● **The task**
Please give the whole listing again exactly, without any of its pictures.

● **Input for this task**
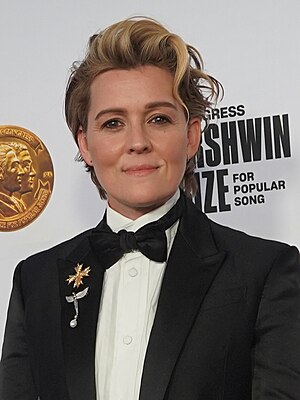 YourRoots Map_First Name Meaning_Famous People_Brandi Carlile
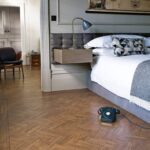 Dry Teak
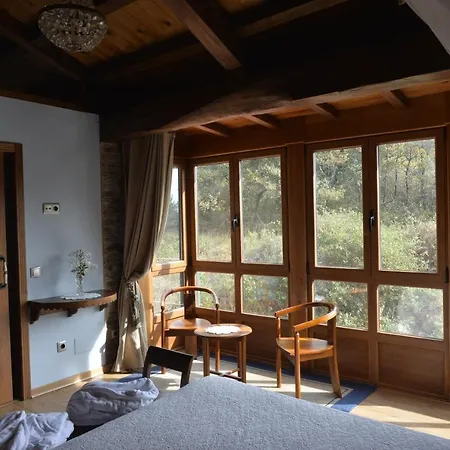Molino Casa Maquia De Medin Holiday home O Pino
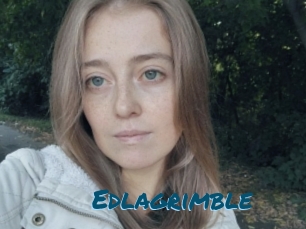 Edlagrimble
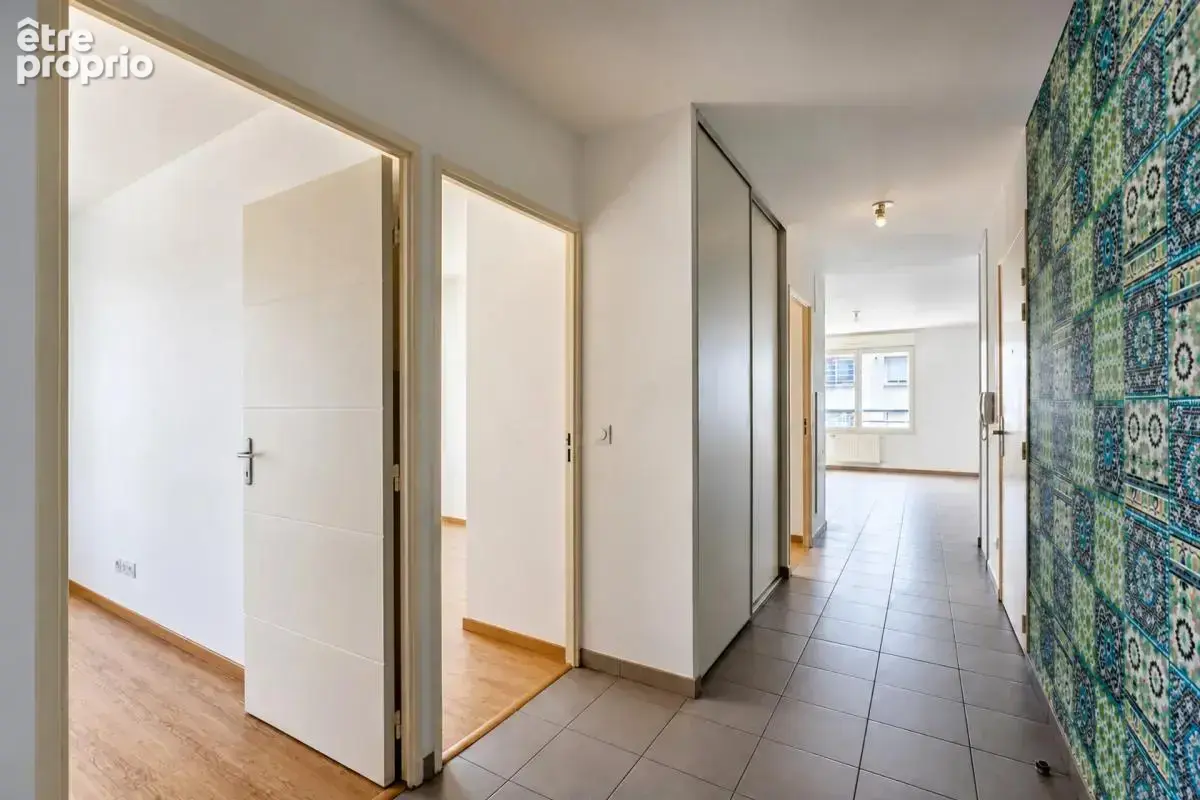 Appartement de 4 pièces de 80,3 m² à Vénissieux - photo 13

● **Solution to this task**
 YourRoots Map_First Name Meaning_Famous People_Brandi Carlile
 Dry Teak
Molino Casa Maquia De Medin Holiday home O Pino
 Edlagrimble
 Appartement de 4 pièces de 80,3 m² à Vénissieux - photo 13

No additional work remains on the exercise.